[Start of section]
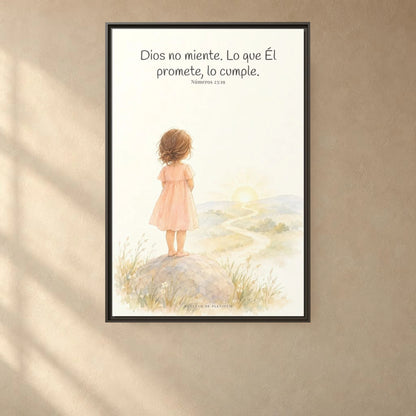Dios no miente: sus promesas siempre se cumplen — Lienzo Cristiano Enmarcado | Números 23:19 — 24×36 pulgadas, marco espresso, vista frontal ambiental, escala física calibrada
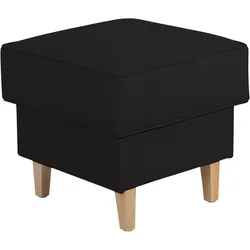 HOCKER Karlen Bezug Kunstleder Buche natur / schwarz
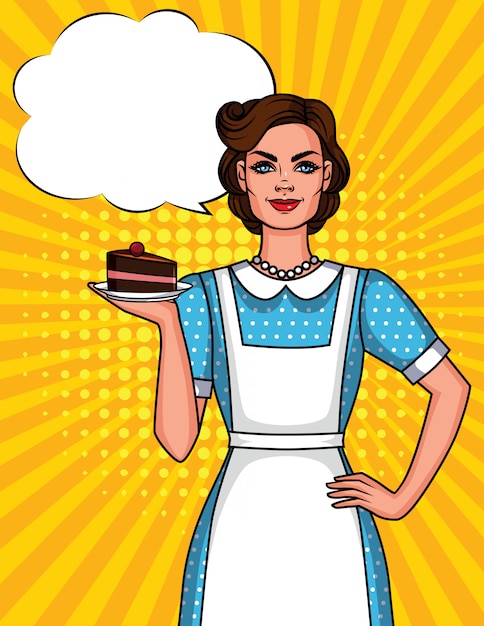 ilustração de uma mulher bonita no avental com prato de bolo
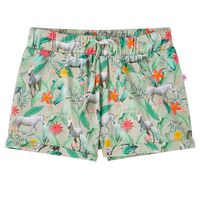 Barneshorts med snor lysekaki 92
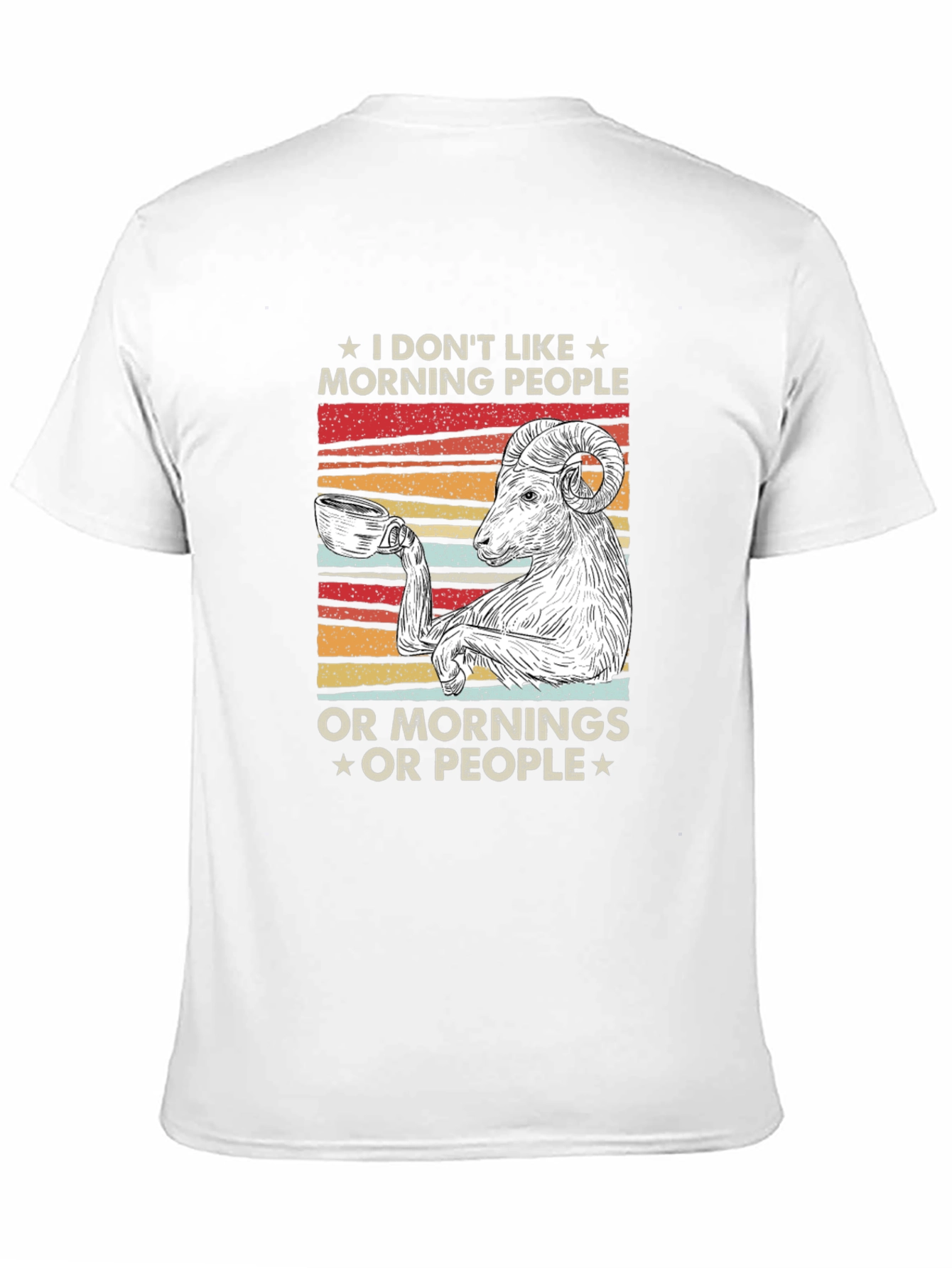 Funny Morning Goat T-Shirt - Coffee Lover Tee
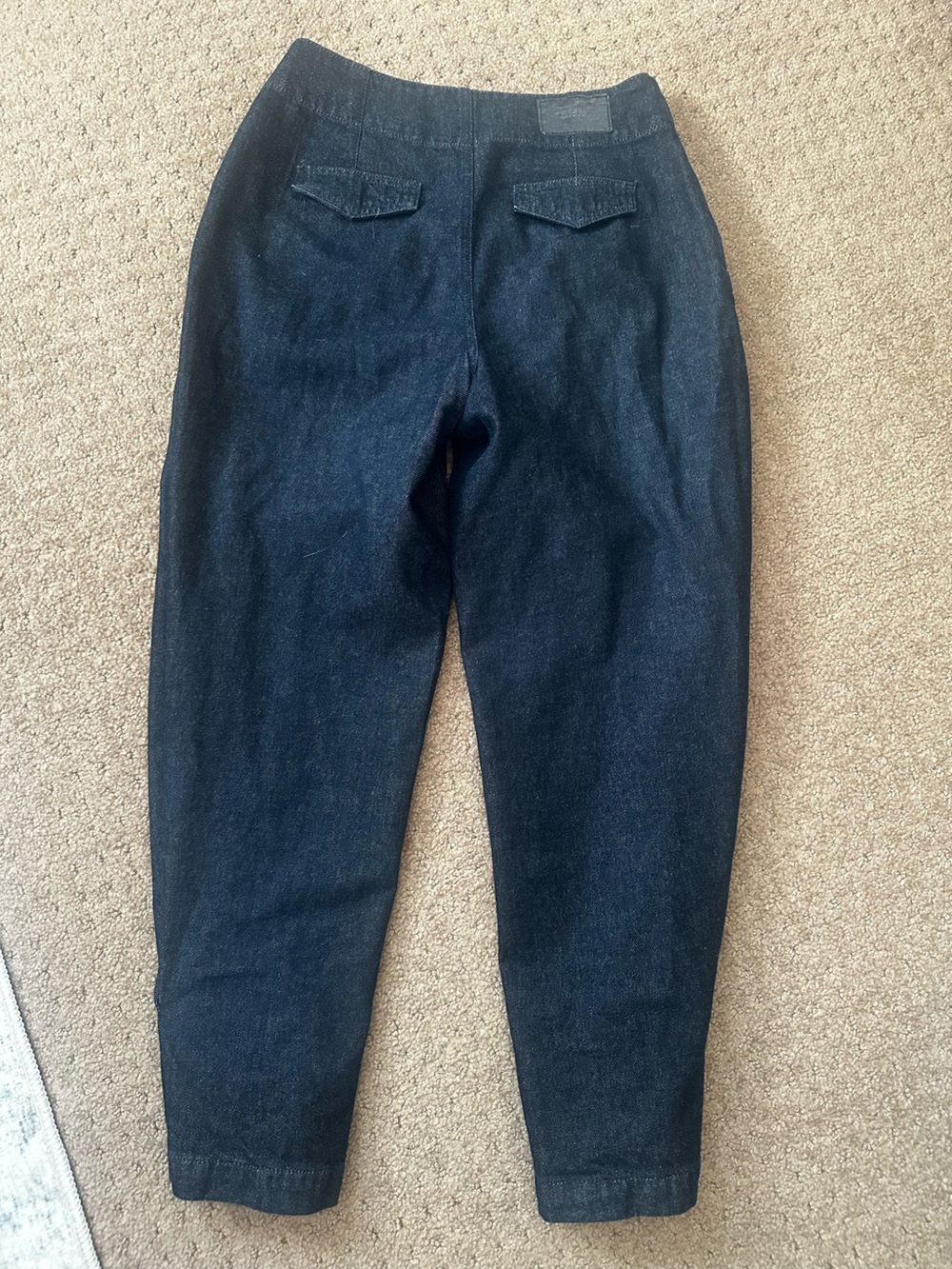 Zara women’s barrel leg Dark Indigo Jeans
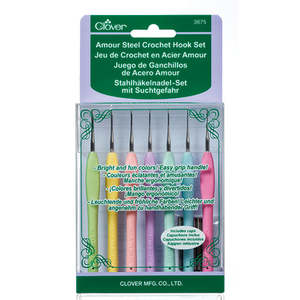 Clover: Clover Amour Crochet Hook Steel Set - 7 sizes - 0.6mm to 1.75mm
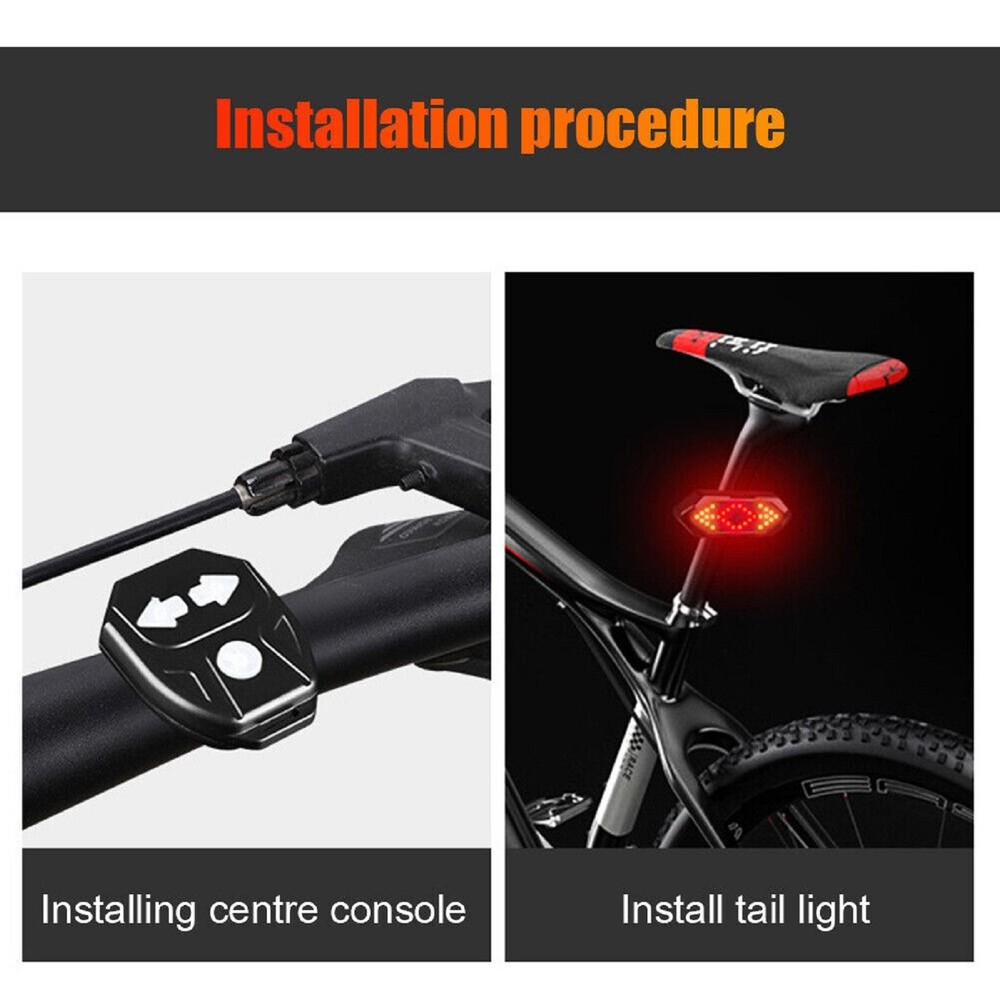 Wireless Bicycle Alarm Rear Tail Light IPX4 Waterproof Remote Control USB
[End of section]
### Your instructions
All lines from the one holding "Funny Morning Goat" through the last line of the material above should be set down exactly, and the pictures should be left out.

### Answer
 Funny Morning Goat T-Shirt - Coffee Lover Tee
 Zara women’s barrel leg Dark Indigo Jeans
 Clover: Clover Amour Crochet Hook Steel Set - 7 sizes - 0.6mm to 1.75mm
 Wireless Bicycle Alarm Rear Tail Light IPX4 Waterproof Remote Control USB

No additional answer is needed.